This is a major new release of SKLL.
What's new
- Several new scikit-learn learners included along with reasonable default parameter grids for tuning, where appropriate (issues 256 & 375, PR 377).
- `BayesianRidge`
- `DummyRegressor`
- `HuberRegressors`
- `Lars`
- `MLPRegressor`
- `RANSACRegressor`
- `TheilSenRegressor`
- `DummyClassifier`
- `MLPClassifier`
- `RidgeClassifier`
- Allow computing any number of additional evaluation metrics in addition to the tuning objective (issue 350, PR 384).
- Rename `cv_folds_file` configuration option to `folds_file`. The former is still supported with a deprecation warning but will be removed in the next release (PR 367).
- Add a new configuration option [`use_folds_file_for_grid_search`](http://skll.readthedocs.io/en/latest/run_experiment.html#use-folds-file-for-grid-search-optional) which controls whether the inner-loop grid-search in a cross-validation experiment with a custom folds file also uses the folds from the file. It's set to True by default. Setting it to False means that the inner loop uses regular 3-fold cross-validation and ignores the file (PR 367).
- Also add a keyword argument called `use_custom_folds_for_grid_search` to the `Learner.cross_validate()` method (PR 367).
- Learning curves can now be plotted from existing summary files using the new [`plot_learning_curves`](http://skll.readthedocs.io/en/latest/utilities.html#plot-learning-curves) command line utility (issue 346, PR 396).
- Overhaul logging in SKLL. All messages are now logged both to the console (if running interactively) and to log files. Read more about the SKLL log files in the [Output Files section](http://skll.readthedocs.io/en/latest/run_experiment.html#output-files) of the documentation (issue 369, PR 380).
- `neg_log_loss` is now available as an objective function for classification (issue 327, PR 392).
Changes
- SKLL now supports Python 3.6. Although Python 3.4 and 3.5 will still work, 3.6 is now the officially supported Python 3 version. Python 2.7 is still supported. (issue 355, PR 360).
- The required version of scikit-learn has been bumped up to 0.19.1 (issue 328, PR 330).
- The learning curve y-limits are now computed a bit more intelligently (issue 389, PR 390).
- Raise a warning if ablation flag is used for an experiment that uses `train_file`/`test_file` - this is not supported (issue 313, PR 392).
- Raise a warning if both `fixed_parameters` and `param_grids` are specified (issue 185, PR 297).
- Disable grid search if no default parameter grids are available in SKLL and the user doesn't provide parameter grids either (issue 376, PR 378).
- SKLL has a copy of scikit-learn's `DictVectorizer` because it needs some custom functionality. _Most_ (but not all) of our modifications have now been merged into scikit-learn so our custom version is now significantly condensed down to just a single method (issue 263, PR 374).

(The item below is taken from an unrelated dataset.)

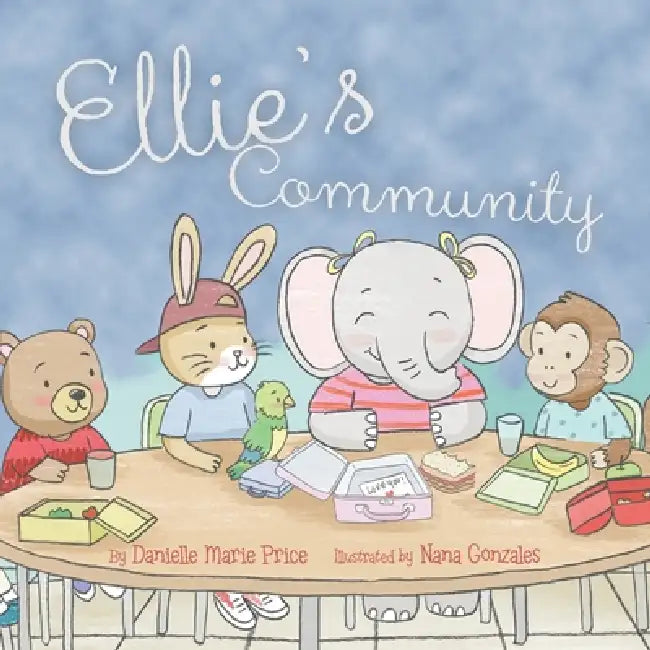 Ellie's Community by Danielle Marie Price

- Improved outputs for cross-validation tasks (issues 349 & 371, PRs 365 & 372)
- When a folds file is specified, the log erroneously showed the full dictionary.
- Show number of cross-validation folds in results to be <n> via folds file if a folds file is specified.
- Show grid search folds in results to be <n> via folds file if the grid search ends up using the folds file.
- Do not show the stratified folds information in results when a folds file is specified.
- Show the value of `use_folds_file_for_grid_search` in results when appropriate.
- Show grid search related information in results only when we are actually doing grid search.
- The Travis CI plan was broken up into multiple jobs in order to get around the 50 minute limit (issue 385, PR 387).
- For the conda package, some of the dependencies are now sourced from the `conda-forge` channel.
Bugfixes
- Fix the bug that was causing the inner grid-search loop of a cross-validation experiment to use a single job instead of the number specified via `grid_search_jobs` (issue 363, PR 367).
- Fix unbound variable in `readers.py` (issue 340, PR 392).
- Fix bug when running a learning curve experiment via `gridmap` (issue 386, PR 390).
- Fix a mismatch between the default number of grid search folds and the default number of slots requested via `gridmap` (issue 342, PR 367).
Documentation
- Update documentation and tests for all of the above changes and new features.
- Update tutorial and installation instructions (issues 383 and 394, PR 399).
- Standardize all of the function and method docstrings to be NumPy style. Add docstrings where missing (issue 373, PR 397).